Area residents also repeatedly asked about what plans the Brodsky Organization has to alter the buildings in the deal, which include Chelsea Square Nos. 2, 3 and 4, 422 West 20th St. and the campus' historic West Building.
Landmark status should prevent developer Daniel Brodsky from substantially altering the exteriors, Lowrey said. However, he pointed out that the West Building requires an interior gutting to avoid falling into total disrepair. He also repeatedly expressed support for Brodsky's character and a belief that he will maintain the sacred nature of the properties, but acknowledged that ultimately developers will act according to their own financial interests.
Community members repeatedly asserted that Brodsky should engage in dialogue with the public.

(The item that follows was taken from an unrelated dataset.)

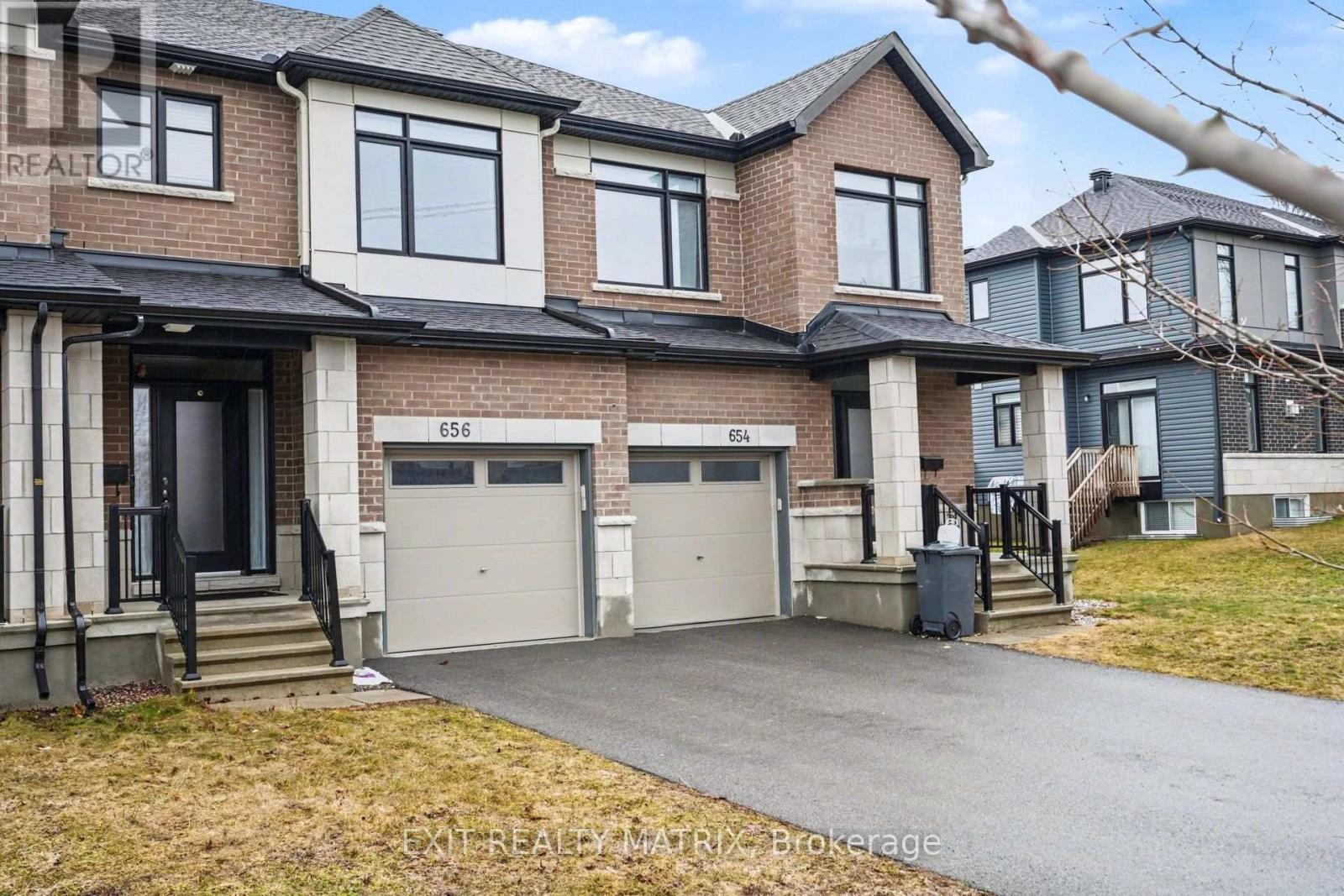 656 Putney Crescent W, Ottawa, Ontario  K2S 2N7 - Photo 3 - X13570936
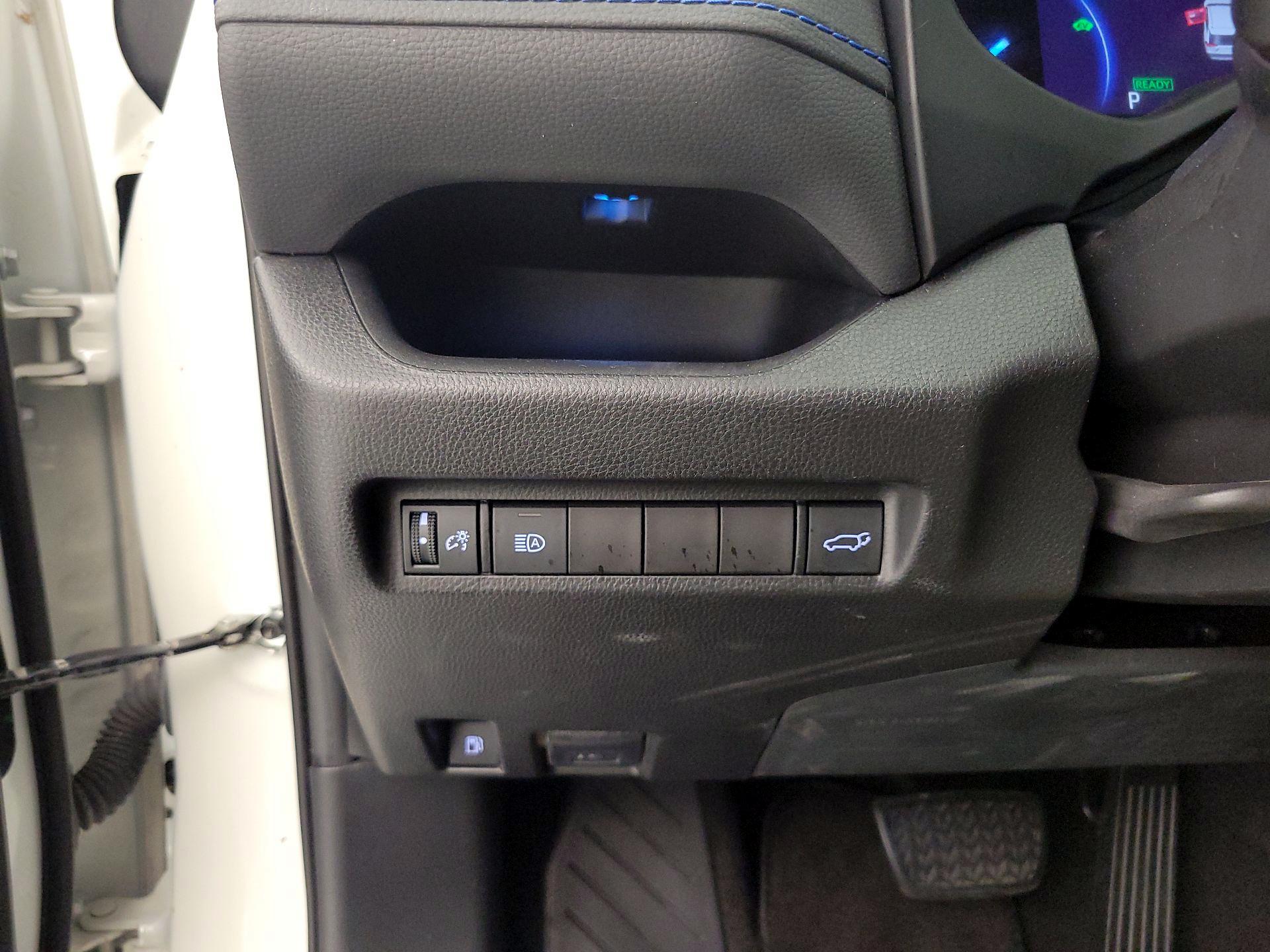 Thumbnail: 2021 Toyota RAV4 - 13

Lowrey pledged to continue community outreach over the course of the year it will take to bring the real estate turnover to completion, beginning with meetings with residents at 422 W. 20th Street. He reminded attendees that the seminary's actions are a last resort against crippling debts and a precipitous drop in the endowment from $45 million in 2000 to just $13 million today.
"The world is changing. It used to be that you kind of did borrow from God," Lowrey said, drawing on Biblical analogies such as the Israelites time in the desert following their escape from Egypt. "We [have] put all hands on deck to save this place."
But not everyone left the meeting satisfied, indicating that community relations may be an ongoing challenge over the next year.
Lesley Doyel, president of neighborhood advocacy group Save Chelsea, said she found GTS representatives "very evasive" in their answers about topics including the Tutu Center.
The most important next step, she said, will be for Brodsky to participate in a public meeting.
Patricia Henrich, an 18-year resident of GTS' W. 20th Street block, echoed Doyel's concerns, explaining that a deep love for the area motivated her.
"What concerns us most is that the seminary is not going to turn over to all high end development," Heinrich said. "All of Manhattan used to be like this, and it's not anymore. We're just trying to hang on."